Understanding Marketing Strategy Versus Marketing Tactics

 In Marketing Insights, Marketing Plans, Marketing Tools & Tactics, Strategic Marketing

One of the issues that continues to pop-up in marketing discussions with clients is the concept of marketing strategy versus marketing tactics; I thought it would be beneficial to explain the key differences.

Basically, marketing breaks down into three parts:

1. Set Goals: What do you want your marketing to achieve?
2. Determine Strategy: How will you achieve your objectives?
3. Select Tactics: Which marketing tools are the most effective for implementing the strategy and achieving the goals?

Let’s use the analogy of building a house to explain how each relates to another.

Setting Goals: This is simple; you want to build a house, but what kind of house? Will it be a Victorian mansion or a modest ranch? The more detailed your goals, the more likely you are to achieve them.

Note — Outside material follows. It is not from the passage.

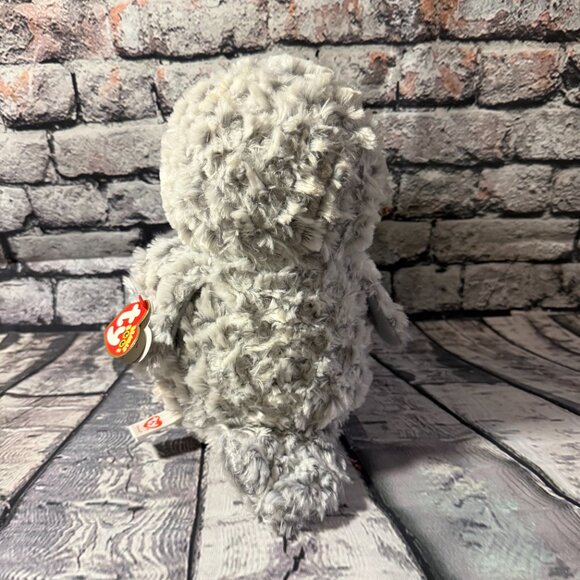 TY Beanie Boos - OWLETTE the OWL (Glitter Eyes) (Medium 9 inch) - 2017 - Retired - Picture 4 of 13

Strategy: When building a house, you do not start by randomly nailing 2 x 4 boards and building the framework; first, you need a “blueprint” to work from – one  that specifies the style of house: Colonial, Ranch, Victorian; size of the house, bedrooms, baths; materials to be used: brick, wood, stone, et cetera. In marketing, your building blueprint is your marketing plan; this is the document that explains the strategy you will use to achieve your goals.

Select Tactics: In home-building, carpentry, plumbing and electrical work could be thought of as the “tactics” used to achieve the end goal, in this case, a house. In marketing, the tactics you may use are advertising, public relations, digital marketing and social media.

How does this approach work with marketing strategy?

Well you don’t start by saying “I need a brochure,” that is a tactic.

First, establish your goals, e.g., increase gross sales 20% each year and by 10% next quarter.

Next, determine your strategy, such as “I will employ a direct-sales effort; my sales people will make face-to-face presentations to qualified prospects and close 20% of those efforts.” Your marketing plan includes the following critical information to support your strategy:

  • An in-depth demographic description of the customer base
  • The important reasons why customers will choose to purchase from this company
  • The key benefit that makes us unique and differentiate us from our competitors

Finally, we utilize our tactics: “We will use telemarketing and e-mail marketing to set up initial meetings; during these meetings, we will utilize a PowerPoint presentation and provide a competitive analysis brochure as a leave-behind with all prospective clients.